Tuning electronic properties of cobalt phthalocyanines for oxygen reduction and evolution reactions

Metal–phthalocyanines are a class of catalytically active materials promising in energy conversion and storage fields (e.g., electrocatalysis). However, understanding and controlling the electrochemical properties in metal–phthalocyanine systems is challenging. Herein, we elucidate the electrocatalytic origins of a series of cobalt–phthalocyanine molecular catalysts and fine-tune their electronic properties at the atomic level, both experimentally and computationally.

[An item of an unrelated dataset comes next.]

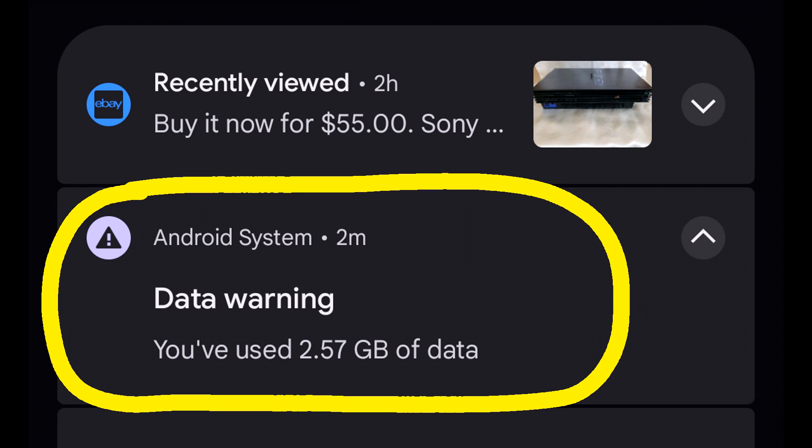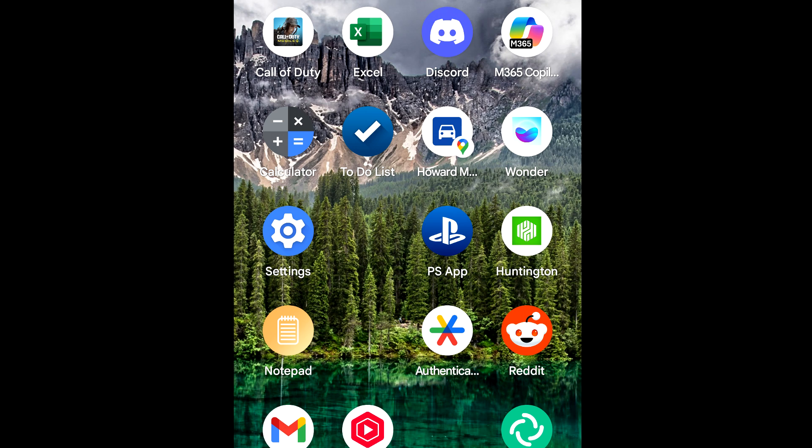Here's how to get rid of this data warning notification should you wish to not receive it. This assumes you already have an Android phone that is similar to mine. There are two ways.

The interactions between the cobalt center and the local coordination environment are regulated by introducing either electron-donating or electron-withdrawing groups on the phthalocyanine ligand, and the spin–orbit splitting of cobalt is increased by ∼0.15 eV compared with the non-substituted ligand. Specifically, the aminated cobalt phthalocyanine-based electrocatalysts exhibit low free energies in the rate-determining steps of the oxygen reduction (−1.68 eV) and oxygen evolution reactions (0.37 eV). This contributes to the high electrocatalytic activity (e.g., a halfwave potential of 0.84 V and an overpotential of 0.30 V at 10 mA cm−2), featuring a high selectivity of a four-electron pathway (i.e., a negligible by-product of hydrogen peroxide). These catalysts also exhibit exceptional kinetic current density (Tafel slope of 100 mV dec−1) in oxygen reduction reactions, in addition to a superior power density (158 mW cm−2) and a high cycling stability (>1,300 cycles) in Zn–air batteries, outperforming the commercial Pt/C and/or RuO2 counterparts.